Bebrbicara
tentang impian, aku punya banyak banget impian dari SMP. Walaupun saat masih
kecil kalau ditanya ‘cita-cita kamu kalau gede jadi apa?’ jawabanku pasti ‘jadi
guru’. Karna memang profesi orangtuaku guru, jadi aku anggap aku akan jadi
seperti Ibuku. Tapi, dipertumbuhan dan masa-masaku beranjak dewasa, ternyata
banyak banget profesi yang aku impi-impikan. Ada lagi ding cita-citaku dulu,
mau jadi cewek-cewek kantoran gitu. Mungkin efek dirumah dulu orangnya pada
liat sinetron gitu kali ya, makanya yang aku liat di TV tu kerjanya duduk
dikursi dengan setumpukan meja dikertas. Menjadi sekertarisnya bos yang ganteng
dan kece.
Ternyata
makin kesini, aku diperlihatkan film entah aku lupa film apa judulnya. Yang
pasti di cerita itu pemeran utamanya suka banget nulis-nulis diary. Sebelum
lihat film itu, aku suka nulis coret-coret dimana-mana, dulu juga demen banget
nyingkat kalimat-kalimat sendiri, bikin singkatan nama-nama beberapa orang,
contohnya yang sampek sekarang masih inget tuh AVAU aku tulis didinding kamar,
singkatan dari Ayah Vita Avi Ummik. Itu keluarga bahagiaku. Saat itu umur empat
tahun (kalo nggak salah :P) Entah kenapa aku menyelipkan Ayah disana. Padahal
nyatanya aku tau Ayahku sudah meninggal. Mungkin efek anak-anak yang polos dan
dibawah alam sadar.
Back
to topic. Gara-gara film itu, aku jadi suka ngumpulin buku-buku diary kecil
gitu. Kalau ada buku yang bentuknya menarik, aku langsung minta belikan. Walau
kadang Ibuku suka nyegah beli buku gituan seabrek. Aku suka banget buat
puisi-puisi, ngomongin isi hati yang kalut, galau cinta monyet, labil dimarahin
orangtua, dilarang keluar dan sebagainya. Sampai aku ingat, saat aku bawa diaryku
ke sekolah. Salah satu temeku ada yang iseng gerebeg tas. Diambilnya itu diary.

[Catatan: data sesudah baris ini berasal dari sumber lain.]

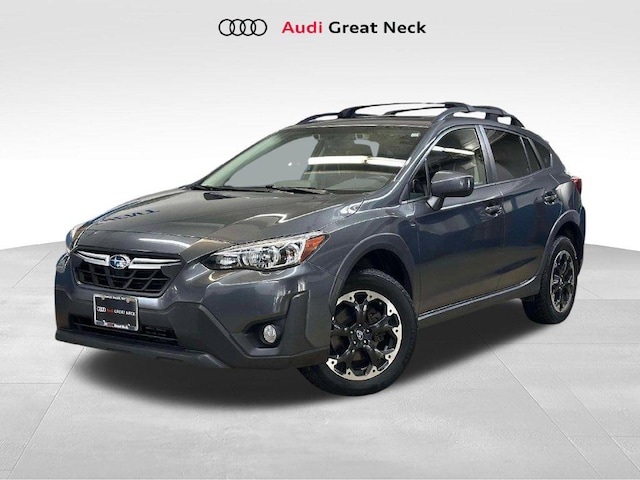 Photo of 2021 Subaru Crosstrek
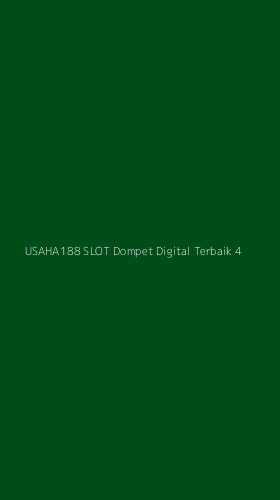 Tampilan Antarmuka Aplikasi Usaha188 Slot Dompet Digital Terbaik - 4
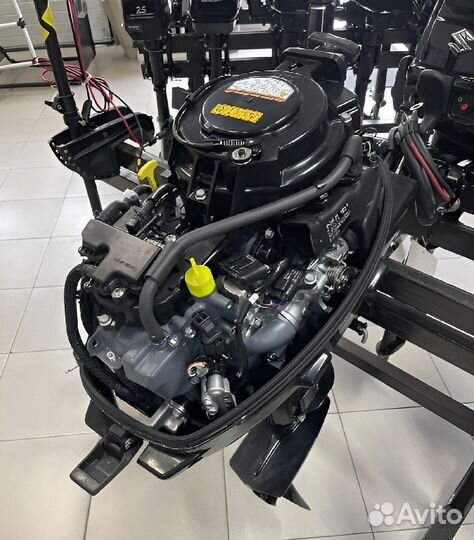 Лодочный мотор Suzuki (Сузуки) DF 9.9 BES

Di catetan itu ada tulisanku yang sedang marah banget dan ada sedikit omongan yang sekebun binatang aku sebutin (sory, emosi anak labil dahulu). Eh pulang-pulang
aku lihat, dapet komen dari temenku “jangan kayak gitu kalau ngomong, yang
baik” dzzzng. Rasanya badan di deras Es batu. Beku. Itu rahasia men, eyalah
malah diintipin. Ya sudahlah.
Dari
menulis itu, aku lama-lama mendapati cerita, bahwa dulu Ayahku juga hobi banget
nulis-nulis. Pernah juga beberapa tulisannya dimuat dalam koran. Suka ngumpulin
berita-berita dari majalah gitu ditempel dibuku gede, dibukukuan sendiri sampai
tebal dan disusun rapih banget. Aku jadi salut. Terbesit keinginanku saat kelas
tiga SMP ingin menjadi penulis. Saat dibangku SMP juga aku sempat dijadikan
ketua mading. Padahal, aku entahlah bisa dibilang belum ada apa-apanya
dibanding semua. Ya, aku ambil aja positifnya. Aku diberi kepercayaan, tapi
disana aku tidak bisa harus meng-handle sendiri, jadi bisa dibilang aku bukan
ketua. Belum punya jiwa pemimpin sama sekali (sampai sekarang juga tidak punya jiwa itu) Soalnya aku dulu sok nge-punk, jiwa
tengik banget, jujur deh ini. kurang bisa anteng.
Sederetan
cita-cita penulis menyeruak semakin besar. Saat SMP aku sudah membaca beberapa
novel teenlit yang dibeli tanteku, termasuk Dealova dan karya-karya Agnes
Jessica (yang hampir udah aku baca semua kayaknya). Menuju SMA aku juga masih
sering membaca novel. Waktu duduk dikelas dua SMA, penjurusan kelas aku memilih
Bahasa. Kenapa? Yang pasti I Hate Numeral and all about Mathematic. Kenapa nggak IPS aja? Yakali masih ada Ekonomi
sama geografi. Yang pasti sih ya karena, itu tadi. Aku suka nulis, jadi aku
pikir disana akan lebih banyak ulasan tentang menulis. Teman sebangku aku juga
suka nulis. Dimana saat pelajaran sastra dia yang lebih domain menjawab
pertanyaan dari guru.
Sedikit
banyak aku selalu beradu tulisan sama dia, walau bisa dikatakan tulisanku jauh
banget sama dia, yang terlihat rapih menggunakan kata baku. Jiwaku yang novelis
wannabe tidak berhenti, dan masih menggebu-nggebu. Jadi, masa bodoh mau tulisanku
jelek, So what?! Namun aku masih mikir keras kalau tulisanku masih kategori
Nol, aku lebih bisa mengarang puisi dengan bebas dan mengalur begitu saja.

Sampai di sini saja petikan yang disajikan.